Start of Records shown
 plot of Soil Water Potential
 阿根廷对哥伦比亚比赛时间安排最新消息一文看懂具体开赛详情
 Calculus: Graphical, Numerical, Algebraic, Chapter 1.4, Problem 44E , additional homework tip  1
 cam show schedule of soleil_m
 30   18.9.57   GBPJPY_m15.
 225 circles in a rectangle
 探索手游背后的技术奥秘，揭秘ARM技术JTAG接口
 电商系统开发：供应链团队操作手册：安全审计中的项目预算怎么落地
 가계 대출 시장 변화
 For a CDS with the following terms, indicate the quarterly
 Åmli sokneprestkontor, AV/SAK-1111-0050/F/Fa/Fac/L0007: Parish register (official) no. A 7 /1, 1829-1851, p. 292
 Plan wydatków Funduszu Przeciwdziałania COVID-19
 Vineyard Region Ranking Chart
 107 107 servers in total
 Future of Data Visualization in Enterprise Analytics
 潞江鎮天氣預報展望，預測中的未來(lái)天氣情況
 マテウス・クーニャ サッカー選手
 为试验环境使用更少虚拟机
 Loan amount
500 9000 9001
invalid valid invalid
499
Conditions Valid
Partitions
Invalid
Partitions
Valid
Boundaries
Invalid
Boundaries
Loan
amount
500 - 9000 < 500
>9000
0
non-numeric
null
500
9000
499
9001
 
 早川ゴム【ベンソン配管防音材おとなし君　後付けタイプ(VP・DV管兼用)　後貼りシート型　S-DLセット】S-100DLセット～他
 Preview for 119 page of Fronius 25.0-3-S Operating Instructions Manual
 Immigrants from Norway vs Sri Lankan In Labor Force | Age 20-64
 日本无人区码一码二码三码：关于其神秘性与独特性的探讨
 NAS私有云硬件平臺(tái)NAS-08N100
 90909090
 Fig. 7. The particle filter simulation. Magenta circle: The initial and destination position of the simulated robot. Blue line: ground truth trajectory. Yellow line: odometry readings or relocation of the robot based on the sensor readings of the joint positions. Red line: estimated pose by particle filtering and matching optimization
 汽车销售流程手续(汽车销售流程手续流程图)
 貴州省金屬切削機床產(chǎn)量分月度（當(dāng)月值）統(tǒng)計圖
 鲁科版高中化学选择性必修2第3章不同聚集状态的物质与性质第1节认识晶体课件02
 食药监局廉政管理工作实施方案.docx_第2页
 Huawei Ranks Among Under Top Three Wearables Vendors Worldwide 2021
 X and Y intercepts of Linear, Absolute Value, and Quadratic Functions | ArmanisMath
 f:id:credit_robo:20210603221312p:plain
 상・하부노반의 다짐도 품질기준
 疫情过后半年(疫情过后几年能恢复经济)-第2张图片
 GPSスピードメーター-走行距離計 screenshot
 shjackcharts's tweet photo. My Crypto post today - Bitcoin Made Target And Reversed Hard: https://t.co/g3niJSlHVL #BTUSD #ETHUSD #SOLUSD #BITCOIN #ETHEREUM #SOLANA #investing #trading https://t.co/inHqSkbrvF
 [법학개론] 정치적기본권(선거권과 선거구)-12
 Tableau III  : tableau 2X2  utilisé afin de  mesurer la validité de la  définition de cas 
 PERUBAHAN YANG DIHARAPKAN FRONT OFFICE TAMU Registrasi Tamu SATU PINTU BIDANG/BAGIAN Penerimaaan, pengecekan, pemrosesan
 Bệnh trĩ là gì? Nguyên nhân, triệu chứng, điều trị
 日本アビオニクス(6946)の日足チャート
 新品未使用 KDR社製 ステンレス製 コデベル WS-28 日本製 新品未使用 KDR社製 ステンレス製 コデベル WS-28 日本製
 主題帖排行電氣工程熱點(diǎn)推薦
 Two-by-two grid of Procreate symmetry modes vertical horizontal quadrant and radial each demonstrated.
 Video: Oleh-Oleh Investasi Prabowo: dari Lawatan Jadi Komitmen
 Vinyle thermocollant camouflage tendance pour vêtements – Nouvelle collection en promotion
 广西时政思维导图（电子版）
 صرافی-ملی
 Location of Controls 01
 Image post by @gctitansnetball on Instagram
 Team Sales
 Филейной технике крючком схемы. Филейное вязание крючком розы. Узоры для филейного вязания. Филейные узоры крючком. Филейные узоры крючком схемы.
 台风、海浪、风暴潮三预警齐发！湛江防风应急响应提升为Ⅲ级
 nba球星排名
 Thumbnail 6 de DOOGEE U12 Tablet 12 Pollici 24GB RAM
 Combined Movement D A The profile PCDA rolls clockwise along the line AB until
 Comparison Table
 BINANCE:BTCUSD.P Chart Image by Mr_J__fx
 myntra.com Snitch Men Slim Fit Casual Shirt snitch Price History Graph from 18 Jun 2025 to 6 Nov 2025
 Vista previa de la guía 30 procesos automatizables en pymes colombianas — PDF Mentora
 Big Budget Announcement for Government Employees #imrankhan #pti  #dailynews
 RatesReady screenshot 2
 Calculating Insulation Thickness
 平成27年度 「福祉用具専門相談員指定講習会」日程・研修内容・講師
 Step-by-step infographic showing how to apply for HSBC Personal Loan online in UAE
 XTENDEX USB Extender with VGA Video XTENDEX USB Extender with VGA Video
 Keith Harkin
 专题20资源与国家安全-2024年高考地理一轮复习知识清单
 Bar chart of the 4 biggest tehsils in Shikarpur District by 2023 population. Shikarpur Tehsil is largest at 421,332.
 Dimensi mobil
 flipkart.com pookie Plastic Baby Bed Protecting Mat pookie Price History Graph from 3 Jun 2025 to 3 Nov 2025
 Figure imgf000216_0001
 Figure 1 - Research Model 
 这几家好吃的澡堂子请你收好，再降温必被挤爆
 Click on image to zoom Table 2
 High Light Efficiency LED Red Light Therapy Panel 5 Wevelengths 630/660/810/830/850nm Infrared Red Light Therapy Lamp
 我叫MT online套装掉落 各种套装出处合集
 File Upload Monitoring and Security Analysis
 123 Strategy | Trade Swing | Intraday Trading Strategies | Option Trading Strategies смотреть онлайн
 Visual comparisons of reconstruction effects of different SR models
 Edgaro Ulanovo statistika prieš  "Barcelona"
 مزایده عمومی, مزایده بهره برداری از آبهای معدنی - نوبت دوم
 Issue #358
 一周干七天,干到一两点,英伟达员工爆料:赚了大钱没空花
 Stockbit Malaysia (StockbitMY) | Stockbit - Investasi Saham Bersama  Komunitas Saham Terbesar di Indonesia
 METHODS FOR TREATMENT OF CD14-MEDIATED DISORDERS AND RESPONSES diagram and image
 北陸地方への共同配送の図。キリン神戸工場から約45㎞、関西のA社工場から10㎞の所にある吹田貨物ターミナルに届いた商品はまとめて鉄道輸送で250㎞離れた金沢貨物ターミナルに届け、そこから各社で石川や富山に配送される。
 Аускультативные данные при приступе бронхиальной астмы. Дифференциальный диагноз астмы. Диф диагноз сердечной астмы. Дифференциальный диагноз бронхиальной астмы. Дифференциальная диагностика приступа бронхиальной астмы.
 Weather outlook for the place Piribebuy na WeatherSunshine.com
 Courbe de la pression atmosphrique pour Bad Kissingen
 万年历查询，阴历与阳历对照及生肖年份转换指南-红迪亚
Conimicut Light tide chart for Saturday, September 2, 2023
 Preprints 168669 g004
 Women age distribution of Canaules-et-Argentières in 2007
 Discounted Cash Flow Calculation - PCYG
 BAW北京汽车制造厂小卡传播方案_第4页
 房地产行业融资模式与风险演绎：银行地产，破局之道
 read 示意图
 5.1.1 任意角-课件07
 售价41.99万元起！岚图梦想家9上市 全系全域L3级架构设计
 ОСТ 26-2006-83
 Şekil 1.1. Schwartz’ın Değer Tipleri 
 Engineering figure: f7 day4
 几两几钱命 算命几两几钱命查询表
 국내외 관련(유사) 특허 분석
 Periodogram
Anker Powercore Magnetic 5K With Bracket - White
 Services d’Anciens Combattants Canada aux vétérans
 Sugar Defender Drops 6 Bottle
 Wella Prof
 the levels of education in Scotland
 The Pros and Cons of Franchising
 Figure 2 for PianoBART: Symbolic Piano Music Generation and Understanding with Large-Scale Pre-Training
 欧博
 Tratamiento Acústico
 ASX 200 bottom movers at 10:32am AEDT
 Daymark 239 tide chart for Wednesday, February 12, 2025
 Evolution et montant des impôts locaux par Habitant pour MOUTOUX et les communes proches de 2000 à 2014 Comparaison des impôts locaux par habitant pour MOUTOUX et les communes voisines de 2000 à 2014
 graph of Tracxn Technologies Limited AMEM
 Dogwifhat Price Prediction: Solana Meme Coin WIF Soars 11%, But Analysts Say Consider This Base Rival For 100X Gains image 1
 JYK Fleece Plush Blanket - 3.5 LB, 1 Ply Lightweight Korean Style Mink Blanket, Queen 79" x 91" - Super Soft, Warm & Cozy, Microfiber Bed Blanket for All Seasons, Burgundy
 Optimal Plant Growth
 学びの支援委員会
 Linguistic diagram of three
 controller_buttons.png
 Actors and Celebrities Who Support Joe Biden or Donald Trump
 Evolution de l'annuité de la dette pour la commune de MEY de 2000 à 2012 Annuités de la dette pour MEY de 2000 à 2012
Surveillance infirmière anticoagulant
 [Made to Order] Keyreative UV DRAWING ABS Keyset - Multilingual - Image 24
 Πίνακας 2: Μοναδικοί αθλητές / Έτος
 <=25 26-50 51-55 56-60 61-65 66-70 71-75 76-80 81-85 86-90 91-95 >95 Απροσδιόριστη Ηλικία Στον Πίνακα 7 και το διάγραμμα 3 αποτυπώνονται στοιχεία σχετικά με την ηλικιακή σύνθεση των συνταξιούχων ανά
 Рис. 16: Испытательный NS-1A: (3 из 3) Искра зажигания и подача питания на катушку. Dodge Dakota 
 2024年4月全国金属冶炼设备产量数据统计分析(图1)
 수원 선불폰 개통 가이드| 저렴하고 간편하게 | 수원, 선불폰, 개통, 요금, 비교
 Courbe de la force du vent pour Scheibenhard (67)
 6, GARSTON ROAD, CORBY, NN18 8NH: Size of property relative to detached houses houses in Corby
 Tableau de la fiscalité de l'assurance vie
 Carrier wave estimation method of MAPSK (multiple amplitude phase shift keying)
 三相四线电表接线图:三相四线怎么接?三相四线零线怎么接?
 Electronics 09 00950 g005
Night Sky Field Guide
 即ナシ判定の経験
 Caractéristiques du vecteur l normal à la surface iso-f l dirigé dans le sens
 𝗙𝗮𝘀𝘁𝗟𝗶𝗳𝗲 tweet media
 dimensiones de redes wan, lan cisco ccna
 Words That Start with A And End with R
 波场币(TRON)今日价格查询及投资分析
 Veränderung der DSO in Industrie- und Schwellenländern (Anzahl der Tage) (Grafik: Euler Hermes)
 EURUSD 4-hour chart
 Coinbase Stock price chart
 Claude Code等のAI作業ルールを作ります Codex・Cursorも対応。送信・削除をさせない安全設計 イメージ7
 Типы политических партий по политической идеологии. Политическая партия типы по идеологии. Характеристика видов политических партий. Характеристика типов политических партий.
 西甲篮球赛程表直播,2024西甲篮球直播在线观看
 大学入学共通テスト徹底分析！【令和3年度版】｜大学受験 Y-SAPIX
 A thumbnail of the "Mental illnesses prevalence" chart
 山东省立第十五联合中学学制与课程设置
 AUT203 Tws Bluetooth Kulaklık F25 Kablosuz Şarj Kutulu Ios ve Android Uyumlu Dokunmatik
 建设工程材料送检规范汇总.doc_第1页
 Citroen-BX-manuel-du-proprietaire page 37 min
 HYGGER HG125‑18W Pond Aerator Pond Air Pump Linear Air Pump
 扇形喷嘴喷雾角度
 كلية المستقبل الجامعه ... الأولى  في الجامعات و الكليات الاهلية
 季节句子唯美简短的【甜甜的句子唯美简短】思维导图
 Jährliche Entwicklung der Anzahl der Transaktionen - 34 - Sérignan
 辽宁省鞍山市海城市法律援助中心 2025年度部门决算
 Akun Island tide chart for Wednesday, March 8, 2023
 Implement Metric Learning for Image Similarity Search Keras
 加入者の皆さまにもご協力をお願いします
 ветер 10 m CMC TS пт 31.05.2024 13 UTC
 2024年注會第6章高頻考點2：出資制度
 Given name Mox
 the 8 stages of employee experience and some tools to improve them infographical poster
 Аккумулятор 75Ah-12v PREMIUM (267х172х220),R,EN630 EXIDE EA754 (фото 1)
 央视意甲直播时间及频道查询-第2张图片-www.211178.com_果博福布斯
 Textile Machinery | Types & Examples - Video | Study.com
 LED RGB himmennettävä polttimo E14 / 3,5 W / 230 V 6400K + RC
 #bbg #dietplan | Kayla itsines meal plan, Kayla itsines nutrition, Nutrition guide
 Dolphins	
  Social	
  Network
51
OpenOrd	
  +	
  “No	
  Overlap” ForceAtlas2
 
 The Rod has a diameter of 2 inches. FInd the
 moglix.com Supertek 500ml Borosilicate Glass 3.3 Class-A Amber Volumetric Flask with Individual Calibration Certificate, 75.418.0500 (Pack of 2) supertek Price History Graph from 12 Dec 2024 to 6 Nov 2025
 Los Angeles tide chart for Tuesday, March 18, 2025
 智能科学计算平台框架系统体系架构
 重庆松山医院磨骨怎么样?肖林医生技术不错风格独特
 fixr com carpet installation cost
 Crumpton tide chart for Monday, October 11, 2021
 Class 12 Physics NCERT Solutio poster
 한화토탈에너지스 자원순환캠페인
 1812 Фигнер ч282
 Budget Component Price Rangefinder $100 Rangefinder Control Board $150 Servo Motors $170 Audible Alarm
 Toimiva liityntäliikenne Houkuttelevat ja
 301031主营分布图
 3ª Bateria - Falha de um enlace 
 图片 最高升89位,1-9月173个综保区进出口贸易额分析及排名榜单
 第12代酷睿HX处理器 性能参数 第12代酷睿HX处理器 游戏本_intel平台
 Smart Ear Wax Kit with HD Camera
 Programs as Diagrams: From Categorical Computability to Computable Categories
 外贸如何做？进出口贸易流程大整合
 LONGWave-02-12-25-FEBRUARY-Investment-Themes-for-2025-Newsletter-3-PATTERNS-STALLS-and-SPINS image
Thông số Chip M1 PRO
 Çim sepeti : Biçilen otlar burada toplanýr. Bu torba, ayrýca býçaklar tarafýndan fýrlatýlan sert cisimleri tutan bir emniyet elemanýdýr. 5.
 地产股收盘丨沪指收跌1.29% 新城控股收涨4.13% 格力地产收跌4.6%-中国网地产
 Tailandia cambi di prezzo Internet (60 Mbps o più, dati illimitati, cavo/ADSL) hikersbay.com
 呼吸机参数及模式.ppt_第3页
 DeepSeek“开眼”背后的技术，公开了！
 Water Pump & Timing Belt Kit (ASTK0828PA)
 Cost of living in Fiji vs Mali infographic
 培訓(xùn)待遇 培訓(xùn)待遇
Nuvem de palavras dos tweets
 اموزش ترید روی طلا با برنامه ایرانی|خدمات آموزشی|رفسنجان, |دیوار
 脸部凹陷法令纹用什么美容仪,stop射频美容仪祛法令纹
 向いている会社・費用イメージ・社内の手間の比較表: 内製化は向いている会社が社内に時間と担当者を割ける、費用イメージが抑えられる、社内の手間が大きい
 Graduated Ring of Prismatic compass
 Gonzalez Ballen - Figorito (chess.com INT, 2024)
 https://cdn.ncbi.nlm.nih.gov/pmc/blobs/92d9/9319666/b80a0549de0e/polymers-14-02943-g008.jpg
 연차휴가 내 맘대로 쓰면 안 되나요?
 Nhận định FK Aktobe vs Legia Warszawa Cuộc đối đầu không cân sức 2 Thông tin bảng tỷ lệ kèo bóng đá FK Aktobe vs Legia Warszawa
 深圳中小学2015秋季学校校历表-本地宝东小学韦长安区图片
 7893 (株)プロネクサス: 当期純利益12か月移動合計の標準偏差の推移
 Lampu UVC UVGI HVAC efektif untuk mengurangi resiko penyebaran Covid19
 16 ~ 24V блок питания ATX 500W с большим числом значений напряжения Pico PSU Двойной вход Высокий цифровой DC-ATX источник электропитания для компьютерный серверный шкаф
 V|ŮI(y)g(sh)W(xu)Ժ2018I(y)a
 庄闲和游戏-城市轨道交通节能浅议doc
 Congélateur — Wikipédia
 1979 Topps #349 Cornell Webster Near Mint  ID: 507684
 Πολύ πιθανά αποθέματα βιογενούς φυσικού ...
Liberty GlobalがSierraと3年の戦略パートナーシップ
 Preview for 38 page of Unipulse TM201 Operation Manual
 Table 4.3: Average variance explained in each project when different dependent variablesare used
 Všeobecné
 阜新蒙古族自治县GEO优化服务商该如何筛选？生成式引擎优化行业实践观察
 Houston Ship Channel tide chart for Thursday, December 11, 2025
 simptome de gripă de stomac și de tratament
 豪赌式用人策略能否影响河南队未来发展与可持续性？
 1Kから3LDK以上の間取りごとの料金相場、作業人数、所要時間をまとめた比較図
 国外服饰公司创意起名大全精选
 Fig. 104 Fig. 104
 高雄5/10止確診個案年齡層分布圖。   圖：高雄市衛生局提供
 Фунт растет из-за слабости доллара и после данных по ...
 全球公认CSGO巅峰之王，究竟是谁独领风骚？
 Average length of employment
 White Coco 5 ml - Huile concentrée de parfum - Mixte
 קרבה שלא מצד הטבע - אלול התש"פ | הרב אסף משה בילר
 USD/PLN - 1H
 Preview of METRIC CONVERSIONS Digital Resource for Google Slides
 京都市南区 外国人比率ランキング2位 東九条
End of Records shown
Number of lines above with the word "March": supply it alone.

2